Saved data entries:
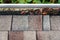 Fall cleaning, rooftop view of gutter full of leaves and standing water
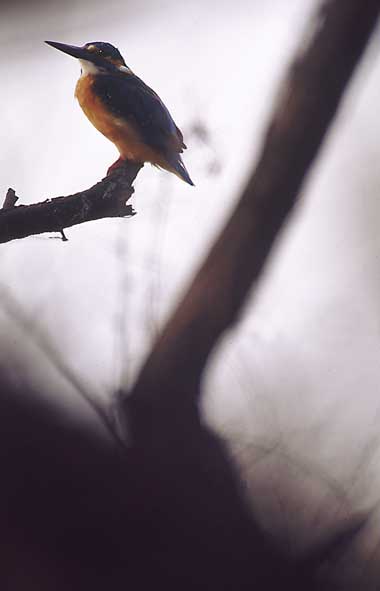 Eisvogel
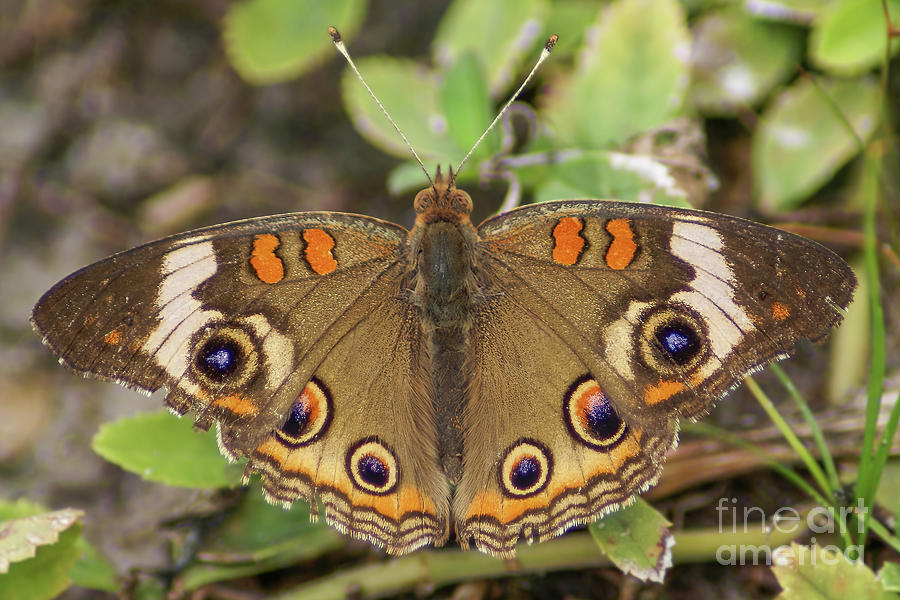 Common Buckeye Butterfly Photograph by Olga Hamilton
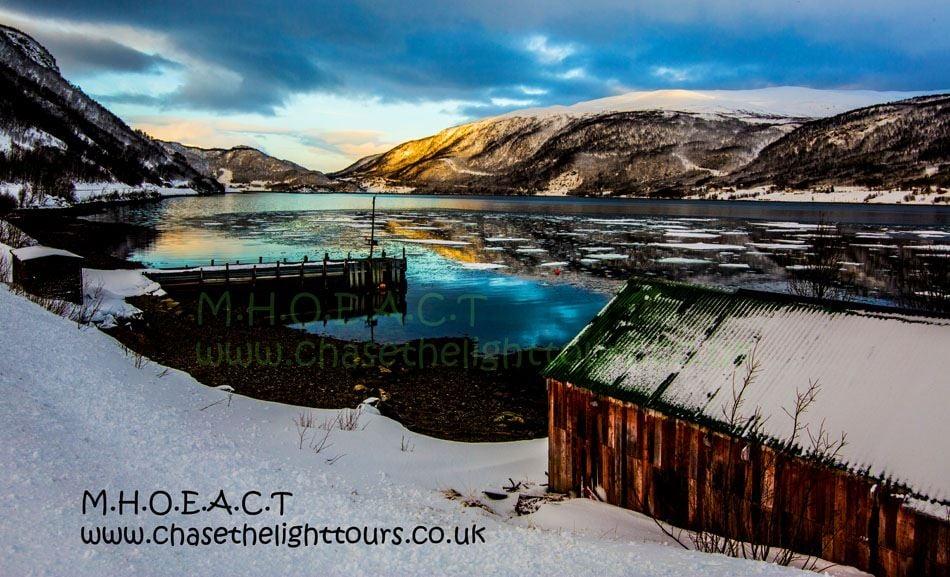 Scenic and photographic wildlife & fjord excursions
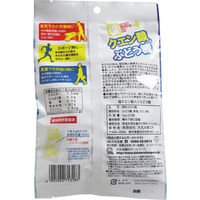 大丸本舗 塩+クエン酸入り ぶどう糖 2g 1袋(20粒)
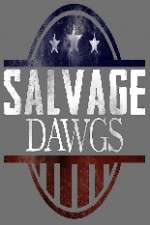 Watch Salvage Dawgs Sflix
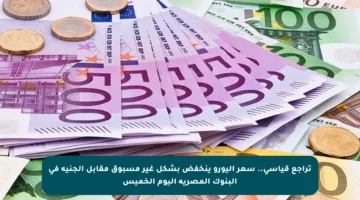 تراجع قياسي.. سعر اليورو ينخفض بشكل غير مسبوق مقابل الجنيه في البنوك المصرية اليوم الخميس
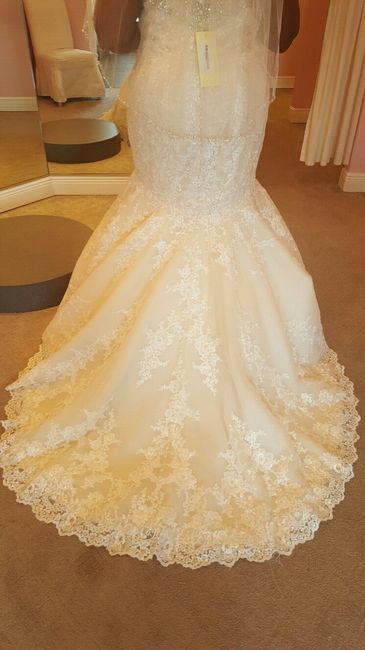 MY DRESSSSSSS... plus size brides unite!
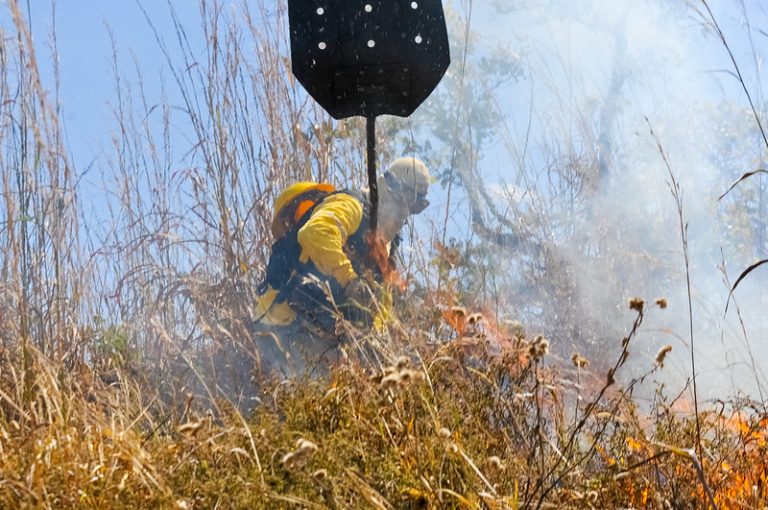 COM A CHEGADA DA SECA | Órgãos do GDF vão atuar em conjunto para evitar incêndios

TASK INSTRUCTIONS:
Copy the records shown above in their entirety and exactly; images are to be left out.

EXERCISE RESPONSE:
 Fall cleaning, rooftop view of gutter full of leaves and standing water
 Eisvogel
 Common Buckeye Butterfly Photograph by Olga Hamilton
 Scenic and photographic wildlife & fjord excursions
 大丸本舗 塩+クエン酸入り ぶどう糖 2g 1袋(20粒)
 Watch Salvage Dawgs Sflix
 تراجع قياسي.. سعر اليورو ينخفض بشكل غير مسبوق مقابل الجنيه في البنوك المصرية اليوم الخميس
 MY DRESSSSSSS... plus size brides unite!
 COM A CHEGADA DA SECA | Órgãos do GDF vão atuar em conjunto para evitar incêndios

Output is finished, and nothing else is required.